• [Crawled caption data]
====

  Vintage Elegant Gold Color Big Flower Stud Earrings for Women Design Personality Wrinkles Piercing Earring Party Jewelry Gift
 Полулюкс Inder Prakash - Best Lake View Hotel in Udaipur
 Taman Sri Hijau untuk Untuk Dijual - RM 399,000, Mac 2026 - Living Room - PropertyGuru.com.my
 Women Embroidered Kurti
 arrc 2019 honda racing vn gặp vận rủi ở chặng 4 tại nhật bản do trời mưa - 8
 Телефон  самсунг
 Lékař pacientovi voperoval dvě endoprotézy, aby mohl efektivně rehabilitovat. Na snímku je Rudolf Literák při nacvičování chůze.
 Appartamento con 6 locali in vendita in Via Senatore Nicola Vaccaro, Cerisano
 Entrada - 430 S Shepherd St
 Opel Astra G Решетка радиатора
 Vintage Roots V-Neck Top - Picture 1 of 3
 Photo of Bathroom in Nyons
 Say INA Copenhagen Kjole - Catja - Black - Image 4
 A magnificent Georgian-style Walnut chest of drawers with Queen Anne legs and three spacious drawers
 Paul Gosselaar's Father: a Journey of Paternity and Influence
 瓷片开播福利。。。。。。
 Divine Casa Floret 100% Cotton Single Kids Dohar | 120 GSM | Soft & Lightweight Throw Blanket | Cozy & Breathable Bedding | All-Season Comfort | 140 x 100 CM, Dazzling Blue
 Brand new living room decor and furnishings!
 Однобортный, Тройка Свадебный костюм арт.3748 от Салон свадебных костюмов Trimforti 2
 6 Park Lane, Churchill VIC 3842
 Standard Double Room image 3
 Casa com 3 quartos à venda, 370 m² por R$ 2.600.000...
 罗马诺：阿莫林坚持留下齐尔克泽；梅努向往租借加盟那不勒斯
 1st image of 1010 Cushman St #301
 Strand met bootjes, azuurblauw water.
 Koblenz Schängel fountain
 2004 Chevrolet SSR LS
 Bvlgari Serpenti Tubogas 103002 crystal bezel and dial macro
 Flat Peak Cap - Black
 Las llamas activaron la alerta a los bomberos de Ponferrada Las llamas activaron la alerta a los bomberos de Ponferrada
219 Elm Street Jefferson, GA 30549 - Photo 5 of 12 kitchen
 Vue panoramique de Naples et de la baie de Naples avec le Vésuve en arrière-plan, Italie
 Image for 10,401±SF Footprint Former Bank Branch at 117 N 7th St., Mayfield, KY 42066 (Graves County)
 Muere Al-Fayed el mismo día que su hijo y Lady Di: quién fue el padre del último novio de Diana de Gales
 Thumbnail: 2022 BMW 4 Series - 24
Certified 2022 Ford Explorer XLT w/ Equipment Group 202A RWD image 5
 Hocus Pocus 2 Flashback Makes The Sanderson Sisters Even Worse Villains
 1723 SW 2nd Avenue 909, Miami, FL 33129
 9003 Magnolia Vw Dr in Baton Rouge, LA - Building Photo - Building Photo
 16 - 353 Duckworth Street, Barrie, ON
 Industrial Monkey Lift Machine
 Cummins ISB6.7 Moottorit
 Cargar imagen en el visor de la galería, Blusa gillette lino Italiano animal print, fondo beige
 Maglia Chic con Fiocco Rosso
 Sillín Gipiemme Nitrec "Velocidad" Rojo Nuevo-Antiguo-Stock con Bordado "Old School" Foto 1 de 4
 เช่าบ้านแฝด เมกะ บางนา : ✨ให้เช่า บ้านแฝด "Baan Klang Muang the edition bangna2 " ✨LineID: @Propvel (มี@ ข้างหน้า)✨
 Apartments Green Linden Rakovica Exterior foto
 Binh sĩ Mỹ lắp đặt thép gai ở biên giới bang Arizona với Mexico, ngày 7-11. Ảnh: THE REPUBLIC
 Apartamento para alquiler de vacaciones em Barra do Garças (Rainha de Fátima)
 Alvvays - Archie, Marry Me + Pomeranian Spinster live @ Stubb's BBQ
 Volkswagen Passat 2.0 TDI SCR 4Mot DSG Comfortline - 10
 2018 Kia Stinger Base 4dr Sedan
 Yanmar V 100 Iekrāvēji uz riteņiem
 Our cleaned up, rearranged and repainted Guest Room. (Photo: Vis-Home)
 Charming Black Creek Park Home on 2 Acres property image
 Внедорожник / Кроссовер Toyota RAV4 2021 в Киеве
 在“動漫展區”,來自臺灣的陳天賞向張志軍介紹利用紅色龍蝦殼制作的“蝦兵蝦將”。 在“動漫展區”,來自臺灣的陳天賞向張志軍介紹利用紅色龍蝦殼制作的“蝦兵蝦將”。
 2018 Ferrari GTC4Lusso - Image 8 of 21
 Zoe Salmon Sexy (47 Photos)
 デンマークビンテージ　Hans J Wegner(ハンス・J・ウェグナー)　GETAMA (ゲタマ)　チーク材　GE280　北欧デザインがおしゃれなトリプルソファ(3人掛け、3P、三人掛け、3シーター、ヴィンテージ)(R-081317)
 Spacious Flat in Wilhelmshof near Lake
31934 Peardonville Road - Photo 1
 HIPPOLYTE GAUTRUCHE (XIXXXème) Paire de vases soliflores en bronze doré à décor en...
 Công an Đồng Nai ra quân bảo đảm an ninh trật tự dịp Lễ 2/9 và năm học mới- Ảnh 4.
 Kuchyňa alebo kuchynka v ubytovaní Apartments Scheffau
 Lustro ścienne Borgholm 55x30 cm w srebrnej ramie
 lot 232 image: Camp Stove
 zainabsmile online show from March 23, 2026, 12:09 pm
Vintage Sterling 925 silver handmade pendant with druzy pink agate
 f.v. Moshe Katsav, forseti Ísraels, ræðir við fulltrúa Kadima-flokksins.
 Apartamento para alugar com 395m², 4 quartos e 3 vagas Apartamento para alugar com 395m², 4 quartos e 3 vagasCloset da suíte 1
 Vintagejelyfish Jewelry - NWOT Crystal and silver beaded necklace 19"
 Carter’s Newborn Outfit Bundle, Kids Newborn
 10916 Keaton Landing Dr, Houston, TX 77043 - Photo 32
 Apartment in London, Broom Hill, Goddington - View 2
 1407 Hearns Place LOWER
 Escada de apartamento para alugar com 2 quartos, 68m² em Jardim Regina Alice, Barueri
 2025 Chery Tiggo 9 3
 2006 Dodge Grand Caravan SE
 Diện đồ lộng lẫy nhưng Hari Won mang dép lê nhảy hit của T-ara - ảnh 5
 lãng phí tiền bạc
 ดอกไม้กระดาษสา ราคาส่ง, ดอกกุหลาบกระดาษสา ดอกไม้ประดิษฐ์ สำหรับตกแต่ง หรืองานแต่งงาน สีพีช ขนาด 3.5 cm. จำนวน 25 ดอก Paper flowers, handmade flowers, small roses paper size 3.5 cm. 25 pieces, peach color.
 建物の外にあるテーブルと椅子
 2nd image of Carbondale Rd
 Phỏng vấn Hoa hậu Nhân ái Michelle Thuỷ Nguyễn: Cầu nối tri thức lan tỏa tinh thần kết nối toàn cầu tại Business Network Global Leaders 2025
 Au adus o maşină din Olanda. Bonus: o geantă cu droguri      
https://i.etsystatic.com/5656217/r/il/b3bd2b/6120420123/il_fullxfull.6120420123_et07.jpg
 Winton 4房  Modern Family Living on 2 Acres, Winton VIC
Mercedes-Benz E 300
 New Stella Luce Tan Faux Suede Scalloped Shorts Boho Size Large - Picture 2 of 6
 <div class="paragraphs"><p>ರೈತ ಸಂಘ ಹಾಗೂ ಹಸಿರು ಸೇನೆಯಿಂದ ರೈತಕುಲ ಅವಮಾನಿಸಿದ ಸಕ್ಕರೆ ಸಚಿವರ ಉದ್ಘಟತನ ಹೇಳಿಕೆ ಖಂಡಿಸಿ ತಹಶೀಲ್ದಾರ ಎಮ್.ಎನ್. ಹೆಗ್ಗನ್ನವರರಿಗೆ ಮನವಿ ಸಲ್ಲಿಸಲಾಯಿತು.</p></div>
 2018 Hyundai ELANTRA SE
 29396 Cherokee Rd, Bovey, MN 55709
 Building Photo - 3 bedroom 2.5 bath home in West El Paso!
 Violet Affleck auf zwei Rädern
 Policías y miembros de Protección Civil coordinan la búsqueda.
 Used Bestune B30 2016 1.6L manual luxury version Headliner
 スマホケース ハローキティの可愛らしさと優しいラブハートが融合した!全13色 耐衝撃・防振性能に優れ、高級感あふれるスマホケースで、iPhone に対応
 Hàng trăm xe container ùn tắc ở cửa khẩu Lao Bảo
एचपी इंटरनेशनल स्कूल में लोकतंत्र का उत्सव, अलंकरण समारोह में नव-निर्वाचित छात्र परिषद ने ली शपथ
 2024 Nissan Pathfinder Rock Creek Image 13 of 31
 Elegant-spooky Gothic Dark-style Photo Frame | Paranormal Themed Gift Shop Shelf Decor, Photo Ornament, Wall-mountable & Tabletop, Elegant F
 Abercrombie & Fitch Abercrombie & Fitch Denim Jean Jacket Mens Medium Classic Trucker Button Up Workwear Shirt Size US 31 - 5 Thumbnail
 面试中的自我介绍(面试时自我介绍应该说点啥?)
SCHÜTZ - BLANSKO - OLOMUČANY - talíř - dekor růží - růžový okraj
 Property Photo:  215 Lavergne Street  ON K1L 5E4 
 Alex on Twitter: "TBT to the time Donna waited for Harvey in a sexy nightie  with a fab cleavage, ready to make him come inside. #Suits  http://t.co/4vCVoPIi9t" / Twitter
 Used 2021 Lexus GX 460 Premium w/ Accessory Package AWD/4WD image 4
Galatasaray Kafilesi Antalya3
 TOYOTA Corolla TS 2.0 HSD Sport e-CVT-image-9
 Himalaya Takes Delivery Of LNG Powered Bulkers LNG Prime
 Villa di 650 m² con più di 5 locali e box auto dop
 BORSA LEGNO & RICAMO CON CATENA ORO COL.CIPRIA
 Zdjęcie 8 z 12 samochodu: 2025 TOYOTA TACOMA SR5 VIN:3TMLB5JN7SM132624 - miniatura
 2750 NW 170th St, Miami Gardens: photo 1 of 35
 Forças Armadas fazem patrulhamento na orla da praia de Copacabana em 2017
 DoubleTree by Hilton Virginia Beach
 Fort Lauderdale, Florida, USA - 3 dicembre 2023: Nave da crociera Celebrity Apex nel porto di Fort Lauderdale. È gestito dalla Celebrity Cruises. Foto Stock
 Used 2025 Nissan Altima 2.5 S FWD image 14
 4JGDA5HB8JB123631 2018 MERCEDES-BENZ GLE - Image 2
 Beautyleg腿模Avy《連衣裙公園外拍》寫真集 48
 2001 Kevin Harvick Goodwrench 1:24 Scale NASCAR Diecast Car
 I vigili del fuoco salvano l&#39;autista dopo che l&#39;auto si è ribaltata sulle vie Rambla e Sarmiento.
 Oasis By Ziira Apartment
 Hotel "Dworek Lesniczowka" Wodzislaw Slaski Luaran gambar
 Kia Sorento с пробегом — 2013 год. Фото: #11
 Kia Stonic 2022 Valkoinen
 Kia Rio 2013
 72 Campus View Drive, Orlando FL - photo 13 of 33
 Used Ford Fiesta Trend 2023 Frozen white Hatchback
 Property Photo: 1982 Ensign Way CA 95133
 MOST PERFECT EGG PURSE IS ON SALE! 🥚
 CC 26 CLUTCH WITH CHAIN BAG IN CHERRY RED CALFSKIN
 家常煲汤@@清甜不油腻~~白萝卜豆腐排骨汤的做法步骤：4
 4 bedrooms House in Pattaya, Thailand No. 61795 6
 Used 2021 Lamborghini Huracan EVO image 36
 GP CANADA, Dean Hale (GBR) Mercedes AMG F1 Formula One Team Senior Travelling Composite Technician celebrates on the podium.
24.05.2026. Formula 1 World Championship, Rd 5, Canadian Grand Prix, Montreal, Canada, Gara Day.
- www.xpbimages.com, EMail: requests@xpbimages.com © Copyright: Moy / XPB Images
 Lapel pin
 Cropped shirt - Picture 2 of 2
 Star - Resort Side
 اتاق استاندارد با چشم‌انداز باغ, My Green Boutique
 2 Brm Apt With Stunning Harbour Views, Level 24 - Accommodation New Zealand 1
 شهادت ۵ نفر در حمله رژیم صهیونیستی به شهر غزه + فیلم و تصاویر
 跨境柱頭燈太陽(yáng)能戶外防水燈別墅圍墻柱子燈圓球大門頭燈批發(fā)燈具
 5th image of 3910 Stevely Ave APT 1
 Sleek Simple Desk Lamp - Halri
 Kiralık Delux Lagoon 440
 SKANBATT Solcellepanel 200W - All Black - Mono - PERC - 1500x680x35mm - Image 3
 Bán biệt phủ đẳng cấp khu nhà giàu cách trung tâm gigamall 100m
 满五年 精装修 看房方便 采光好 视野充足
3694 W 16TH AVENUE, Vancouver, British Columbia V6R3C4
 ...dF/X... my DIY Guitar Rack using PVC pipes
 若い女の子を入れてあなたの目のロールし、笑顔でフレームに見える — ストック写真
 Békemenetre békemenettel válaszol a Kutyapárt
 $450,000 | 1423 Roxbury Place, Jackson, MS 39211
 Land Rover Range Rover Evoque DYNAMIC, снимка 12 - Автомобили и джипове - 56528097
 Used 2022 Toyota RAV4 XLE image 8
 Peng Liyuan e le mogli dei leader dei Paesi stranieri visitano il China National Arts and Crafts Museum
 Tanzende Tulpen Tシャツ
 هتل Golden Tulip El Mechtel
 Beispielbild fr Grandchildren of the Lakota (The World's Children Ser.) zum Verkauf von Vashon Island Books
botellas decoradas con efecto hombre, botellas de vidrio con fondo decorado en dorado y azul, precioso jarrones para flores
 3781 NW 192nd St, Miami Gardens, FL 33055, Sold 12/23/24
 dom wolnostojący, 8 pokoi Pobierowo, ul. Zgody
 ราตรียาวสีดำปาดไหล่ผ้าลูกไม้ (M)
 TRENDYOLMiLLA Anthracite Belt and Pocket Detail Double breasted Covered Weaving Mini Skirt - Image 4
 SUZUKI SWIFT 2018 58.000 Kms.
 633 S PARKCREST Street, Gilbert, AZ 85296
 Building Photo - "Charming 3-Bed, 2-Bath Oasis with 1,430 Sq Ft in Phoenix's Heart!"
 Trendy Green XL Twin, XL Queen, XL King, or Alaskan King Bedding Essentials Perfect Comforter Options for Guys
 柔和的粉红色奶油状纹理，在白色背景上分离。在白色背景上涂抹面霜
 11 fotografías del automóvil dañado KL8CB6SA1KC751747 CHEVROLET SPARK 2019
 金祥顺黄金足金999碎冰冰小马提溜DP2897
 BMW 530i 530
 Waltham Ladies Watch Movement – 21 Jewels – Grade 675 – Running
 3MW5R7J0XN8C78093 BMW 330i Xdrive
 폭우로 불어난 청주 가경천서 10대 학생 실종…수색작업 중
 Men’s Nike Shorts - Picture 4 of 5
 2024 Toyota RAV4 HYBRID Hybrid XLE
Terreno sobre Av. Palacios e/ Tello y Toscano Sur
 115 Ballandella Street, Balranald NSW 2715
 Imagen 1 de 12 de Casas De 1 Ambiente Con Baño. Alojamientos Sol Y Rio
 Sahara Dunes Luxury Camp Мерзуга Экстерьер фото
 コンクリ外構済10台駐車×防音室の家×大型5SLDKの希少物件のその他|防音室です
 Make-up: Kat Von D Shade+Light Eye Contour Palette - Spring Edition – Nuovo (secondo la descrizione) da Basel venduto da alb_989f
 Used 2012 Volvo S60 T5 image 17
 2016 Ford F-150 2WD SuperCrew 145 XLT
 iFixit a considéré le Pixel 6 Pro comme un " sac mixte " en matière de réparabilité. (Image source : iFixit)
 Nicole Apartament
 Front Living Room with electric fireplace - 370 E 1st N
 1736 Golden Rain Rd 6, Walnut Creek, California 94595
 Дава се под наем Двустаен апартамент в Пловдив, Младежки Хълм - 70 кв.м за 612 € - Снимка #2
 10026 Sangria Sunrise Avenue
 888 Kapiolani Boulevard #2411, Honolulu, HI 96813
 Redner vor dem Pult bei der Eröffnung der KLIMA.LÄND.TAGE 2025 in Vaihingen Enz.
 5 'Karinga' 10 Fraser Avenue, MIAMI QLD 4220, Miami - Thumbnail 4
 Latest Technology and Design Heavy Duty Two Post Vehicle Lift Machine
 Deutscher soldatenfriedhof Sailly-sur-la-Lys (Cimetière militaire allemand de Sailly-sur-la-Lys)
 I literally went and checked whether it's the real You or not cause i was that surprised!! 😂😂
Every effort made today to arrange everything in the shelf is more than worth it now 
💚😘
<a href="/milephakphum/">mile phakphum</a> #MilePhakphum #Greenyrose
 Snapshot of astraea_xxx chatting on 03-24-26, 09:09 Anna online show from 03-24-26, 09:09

====

• [What is required] Look through the entries above and quote exactly the lines from the line with "2018 Kia Stinger Base 4dr Sedan" to the line with "Внедорожник / Кроссовер", counting both of those lines.

• [Solution for this task]
 2018 Kia Stinger Base 4dr Sedan
 Yanmar V 100 Iekrāvēji uz riteņiem
 Our cleaned up, rearranged and repainted Guest Room. (Photo: Vis-Home)
 Charming Black Creek Park Home on 2 Acres property image
 Внедорожник / Кроссовер Toyota RAV4 2021 в Киеве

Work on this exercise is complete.